The fact that they are so maneuverable is evident still today in tractor square dancing shows put on at fairs and tractor shows across the Midwest. These shows are quite the crowd pleaser and very entertaining. The video below demonstrates their nimbleness during one of these square dancing shows.
Other Benefits of Narrow Front Wheels
Belt Driven Implements
One of the selling points of old tractors were their ability to run stationary machinery like mills, threshers, conveyors, grinders, buzzsaws and much more. Although it wasn’t absolutely necessary, a narrow front on the tractor meant there was nothing to get in the way of the belt used to drive that machinery.
If you notice in the picture above of the F-20 the drive pulley is off to one side and down a bit. A lot of belt driven equipment would be positioned in front of the tractor and connected by a long wide belt. A wide front axle could cause the belt to slap and wear out prematurely.
There are some that refer to narrow front end tractors as row-crop tractors. While nearly all the old narrow fronts are row-croppers, there are wide front tractors that are also row-crop tractors. All new row-crop tractors sold today are wide front. The most important element of a row-crop tractor is height gained by tall wheels.
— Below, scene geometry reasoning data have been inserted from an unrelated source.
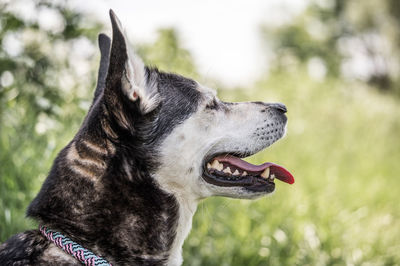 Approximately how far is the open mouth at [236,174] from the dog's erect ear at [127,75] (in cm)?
52

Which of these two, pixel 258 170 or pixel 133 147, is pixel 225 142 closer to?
pixel 258 170

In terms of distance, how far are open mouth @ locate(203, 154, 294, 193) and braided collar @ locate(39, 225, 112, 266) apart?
0.78 m

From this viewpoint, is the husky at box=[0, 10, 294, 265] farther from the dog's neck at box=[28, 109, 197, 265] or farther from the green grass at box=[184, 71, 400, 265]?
the green grass at box=[184, 71, 400, 265]

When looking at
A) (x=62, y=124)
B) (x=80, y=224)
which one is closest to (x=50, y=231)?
(x=80, y=224)

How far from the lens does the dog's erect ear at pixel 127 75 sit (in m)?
2.11

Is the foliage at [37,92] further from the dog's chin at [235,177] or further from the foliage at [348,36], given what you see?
the foliage at [348,36]

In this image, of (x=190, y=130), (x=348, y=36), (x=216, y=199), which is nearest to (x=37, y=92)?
(x=216, y=199)

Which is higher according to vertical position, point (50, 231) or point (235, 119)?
point (235, 119)

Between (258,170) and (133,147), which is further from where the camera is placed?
(258,170)

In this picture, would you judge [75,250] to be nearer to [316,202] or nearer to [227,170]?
[227,170]

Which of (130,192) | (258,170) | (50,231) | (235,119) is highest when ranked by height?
(235,119)

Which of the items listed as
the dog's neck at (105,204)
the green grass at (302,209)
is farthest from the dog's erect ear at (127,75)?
the green grass at (302,209)

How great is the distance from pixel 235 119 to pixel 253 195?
19.1 inches

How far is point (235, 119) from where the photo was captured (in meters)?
2.88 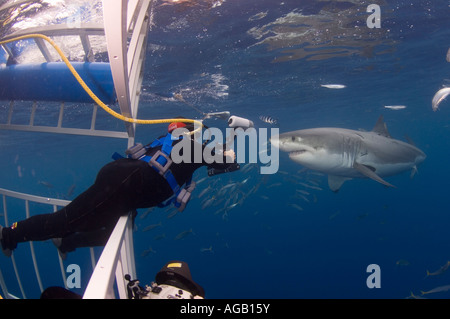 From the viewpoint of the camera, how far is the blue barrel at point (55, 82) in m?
3.14

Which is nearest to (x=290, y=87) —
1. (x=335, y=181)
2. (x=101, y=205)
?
(x=335, y=181)

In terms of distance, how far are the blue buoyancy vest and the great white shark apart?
2753 millimetres

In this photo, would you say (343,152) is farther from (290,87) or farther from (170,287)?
(290,87)

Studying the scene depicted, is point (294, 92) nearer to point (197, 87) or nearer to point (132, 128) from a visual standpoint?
point (197, 87)

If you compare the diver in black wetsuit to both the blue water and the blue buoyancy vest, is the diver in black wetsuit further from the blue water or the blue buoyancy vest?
the blue water

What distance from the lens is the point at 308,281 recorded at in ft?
67.6

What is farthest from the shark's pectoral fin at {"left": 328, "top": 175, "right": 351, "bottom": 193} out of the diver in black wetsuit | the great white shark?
the diver in black wetsuit

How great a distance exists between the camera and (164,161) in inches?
121

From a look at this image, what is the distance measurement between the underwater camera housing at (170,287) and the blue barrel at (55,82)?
2229mm

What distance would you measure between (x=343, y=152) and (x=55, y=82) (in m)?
5.76

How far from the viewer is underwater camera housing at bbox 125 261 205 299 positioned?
1777 mm

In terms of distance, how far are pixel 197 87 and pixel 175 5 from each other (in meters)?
7.95

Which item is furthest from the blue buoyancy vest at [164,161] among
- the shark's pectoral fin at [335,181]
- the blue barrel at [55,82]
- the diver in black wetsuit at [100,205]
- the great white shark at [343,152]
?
the shark's pectoral fin at [335,181]

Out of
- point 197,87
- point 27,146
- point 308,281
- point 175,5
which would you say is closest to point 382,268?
point 308,281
Belly mounted cultivators were also available for both wides and narrows but I think the advantage goes to the narrow front because of the tight turning radius. For taller crops like corn, a narrow front would do less damage as the plants grew taller than the axle on a wide front.
Before combines became popular, it was common to mount a 2-row corn picker on a narrow front tractor. The narrow front was necessary for this type of harvesting as the narrow wheels up front were centered between the two rows of corn being picked.
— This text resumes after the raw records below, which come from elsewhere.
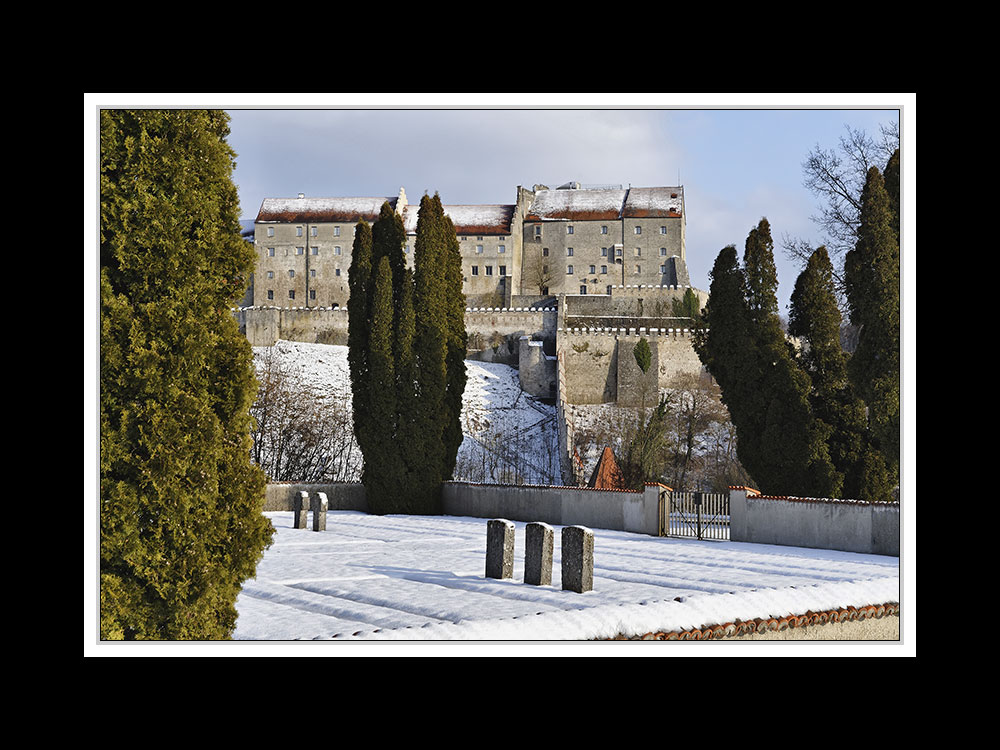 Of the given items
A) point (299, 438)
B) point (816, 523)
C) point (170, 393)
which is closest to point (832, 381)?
point (816, 523)

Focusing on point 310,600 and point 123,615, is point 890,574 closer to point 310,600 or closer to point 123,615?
point 310,600

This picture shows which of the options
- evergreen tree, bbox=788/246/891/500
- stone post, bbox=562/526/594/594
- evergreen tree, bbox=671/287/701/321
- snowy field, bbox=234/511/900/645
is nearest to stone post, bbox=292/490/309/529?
snowy field, bbox=234/511/900/645

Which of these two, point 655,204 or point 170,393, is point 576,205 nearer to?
point 655,204

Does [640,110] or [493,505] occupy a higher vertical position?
[640,110]

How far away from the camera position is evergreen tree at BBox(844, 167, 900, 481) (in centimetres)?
1545

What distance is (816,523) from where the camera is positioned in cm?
1446

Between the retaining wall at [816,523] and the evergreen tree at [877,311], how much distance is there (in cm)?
184

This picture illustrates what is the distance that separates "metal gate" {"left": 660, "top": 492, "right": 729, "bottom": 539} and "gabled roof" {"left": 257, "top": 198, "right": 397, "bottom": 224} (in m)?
47.5

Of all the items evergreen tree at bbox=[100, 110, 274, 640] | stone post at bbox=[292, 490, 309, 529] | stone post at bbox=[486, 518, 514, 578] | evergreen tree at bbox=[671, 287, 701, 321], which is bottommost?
stone post at bbox=[292, 490, 309, 529]

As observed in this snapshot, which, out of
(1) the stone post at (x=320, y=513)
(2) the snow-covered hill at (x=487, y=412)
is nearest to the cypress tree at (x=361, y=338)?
(1) the stone post at (x=320, y=513)

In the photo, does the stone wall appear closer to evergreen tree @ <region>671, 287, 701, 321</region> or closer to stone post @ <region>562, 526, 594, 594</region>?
evergreen tree @ <region>671, 287, 701, 321</region>

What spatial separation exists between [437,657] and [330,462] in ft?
85.0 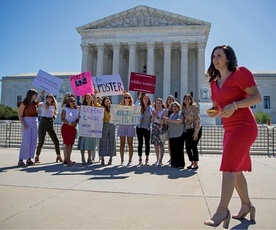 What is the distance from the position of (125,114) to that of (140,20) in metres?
40.1

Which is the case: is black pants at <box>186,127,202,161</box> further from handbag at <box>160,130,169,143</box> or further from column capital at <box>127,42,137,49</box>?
column capital at <box>127,42,137,49</box>

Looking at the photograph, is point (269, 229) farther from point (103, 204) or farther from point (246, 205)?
point (103, 204)

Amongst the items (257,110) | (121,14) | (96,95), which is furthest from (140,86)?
(257,110)

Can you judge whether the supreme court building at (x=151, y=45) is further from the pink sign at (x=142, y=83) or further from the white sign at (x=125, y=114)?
the white sign at (x=125, y=114)

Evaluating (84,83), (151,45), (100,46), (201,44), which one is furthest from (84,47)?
(84,83)

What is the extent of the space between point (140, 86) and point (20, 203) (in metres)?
6.93

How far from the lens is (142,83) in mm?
9961

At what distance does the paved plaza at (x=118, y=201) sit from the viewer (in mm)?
3018

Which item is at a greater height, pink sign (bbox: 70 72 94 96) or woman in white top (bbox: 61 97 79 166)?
pink sign (bbox: 70 72 94 96)

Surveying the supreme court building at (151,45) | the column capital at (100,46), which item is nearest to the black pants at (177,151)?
the supreme court building at (151,45)

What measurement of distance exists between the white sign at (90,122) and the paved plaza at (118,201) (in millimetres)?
2178

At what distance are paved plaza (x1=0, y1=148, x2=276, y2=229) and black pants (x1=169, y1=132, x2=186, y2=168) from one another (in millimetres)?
1637

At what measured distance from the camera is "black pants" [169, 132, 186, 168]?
25.6 ft

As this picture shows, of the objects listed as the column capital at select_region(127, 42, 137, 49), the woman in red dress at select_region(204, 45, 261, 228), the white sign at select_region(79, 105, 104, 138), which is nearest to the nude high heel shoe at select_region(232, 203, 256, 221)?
the woman in red dress at select_region(204, 45, 261, 228) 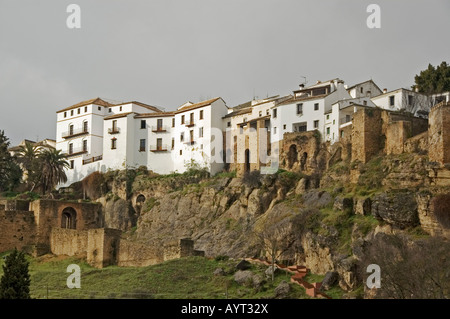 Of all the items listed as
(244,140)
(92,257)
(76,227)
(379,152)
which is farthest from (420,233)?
(76,227)

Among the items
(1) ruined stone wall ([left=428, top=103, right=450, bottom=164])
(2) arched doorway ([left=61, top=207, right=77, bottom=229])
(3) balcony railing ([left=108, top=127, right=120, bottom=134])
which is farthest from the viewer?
(3) balcony railing ([left=108, top=127, right=120, bottom=134])

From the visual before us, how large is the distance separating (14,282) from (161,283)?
12.9m

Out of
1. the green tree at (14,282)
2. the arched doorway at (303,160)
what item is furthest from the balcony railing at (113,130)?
the green tree at (14,282)

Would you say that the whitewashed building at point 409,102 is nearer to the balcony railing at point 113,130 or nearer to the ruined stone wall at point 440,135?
the ruined stone wall at point 440,135

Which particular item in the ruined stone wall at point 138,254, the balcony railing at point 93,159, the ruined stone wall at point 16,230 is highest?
the balcony railing at point 93,159

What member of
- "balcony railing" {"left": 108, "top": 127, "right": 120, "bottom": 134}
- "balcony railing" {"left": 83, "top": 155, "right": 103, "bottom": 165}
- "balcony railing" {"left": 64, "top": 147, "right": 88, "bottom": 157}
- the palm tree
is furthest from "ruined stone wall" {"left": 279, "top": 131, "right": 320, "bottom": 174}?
the palm tree

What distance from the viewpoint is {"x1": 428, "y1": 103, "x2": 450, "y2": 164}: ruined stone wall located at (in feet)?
174

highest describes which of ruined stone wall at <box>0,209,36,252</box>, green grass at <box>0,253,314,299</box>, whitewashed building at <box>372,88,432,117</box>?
whitewashed building at <box>372,88,432,117</box>

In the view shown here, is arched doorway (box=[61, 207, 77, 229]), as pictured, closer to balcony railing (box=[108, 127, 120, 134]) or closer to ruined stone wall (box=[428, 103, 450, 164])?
balcony railing (box=[108, 127, 120, 134])

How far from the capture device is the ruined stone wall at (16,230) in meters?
68.6

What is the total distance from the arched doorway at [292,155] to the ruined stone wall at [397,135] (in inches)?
481

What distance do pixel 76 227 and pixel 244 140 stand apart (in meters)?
18.2

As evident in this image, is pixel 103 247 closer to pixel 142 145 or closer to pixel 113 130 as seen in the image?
pixel 142 145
In the 1950s corn combines started to become a dedicated piece of machinery that could both pick and shell the corn. They could do many more rows at a time so eventually the two-row corn picker fell out of favor for the larger more efficient combine.
Driving in Straight Lines
Narrow front wheels were often set as a “V” with tops tilted outward and where the wheels met the soil they were very close together. This resulted in the tires tracking nicely in the bottom of the furrow which helped to keep the tractor driving in a nice straight line.
Some narrow front tractors even had a single wheel up front that also accomplished the same results. The single wheel was a little wider than each of the tires in the “V” configuration but about the same width as both of them put together. This single wheel would ride perfectly in the bottom of the furrow making steering a breeze.
Drawbacks of the Narrow Front Tractor
In the early years of tractors right up into the 1960s the narrow front tractor was quite popular and there are many thousands of them still around today. Some are still being used as working tractors and many more have retired a life of restoration and shows.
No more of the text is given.